To preserve your mental health, it is important to watch for warning signs. If you have one or more symptoms listed above, do not hesitate to consult a health professional (doctor, psychologist …), especially if they prolong or prevent you from doing your daily activities. According to the WHO, 2.4 million people in health care are admitted to psychiatry.
Also namely, the symptoms of depression and depression are very close (fatigue, sadness, lack of concentration, sleep disorders). What differentiates them is the duration of the symptoms and their intensity. If depression is a temporary malaise, depression is a disease that can be cured. In addition, feeling mental well-being at a given time does not prevent you from being plagued by psychic and psychological disorders.
In addition, the Ministry of Solidarity and Health informs that “it is possible to act through global strategies of promotion, prevention, provision of care and improvement of living conditions and social inclusion mobilizing the entire spectrum of government actions.”
Mental Health: The Role of Operation Movember
Movember is an annual event organized in November by the Movember Foundation Charity. Since 2003, this Australian foundation has wanted to “change the face of men’s health”. During Operation Movember, men are invited to grow a mustache to raise awareness of male diseases such as cancer or mental disorders and raise funds for research.

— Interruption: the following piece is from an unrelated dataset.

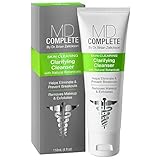 MD Complete Acne Clarifying Oil-Free Cleanser with Natural Botanicals Skin Clearing by Dr. Brian Zelickson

The founders of the Movember movement explain their role in mental health:
We invest in projects to help men and boys maintain balanced mental health.
Indeed, because of stereotypes related to the virility of men, regardless of their age, they rarely admit to having a mental disorder. And when they become aware of it, they do not dare to ask for help.
Thus, Movember aims to abolish taboos around this subject and allow men with a mental disorder to treat themselves through the funding of specific programs. Here are their actions:
- Develop conclusive and scalable models with the aim of improving men’s mental health and well-being.
- Shake up negative ideas about masculinity and the impact it can have on mental health.
- Encourage men to stay in touch with friends and family.
- Start conversations about mental health outside the health care system (in sports clubs or workplaces, for example).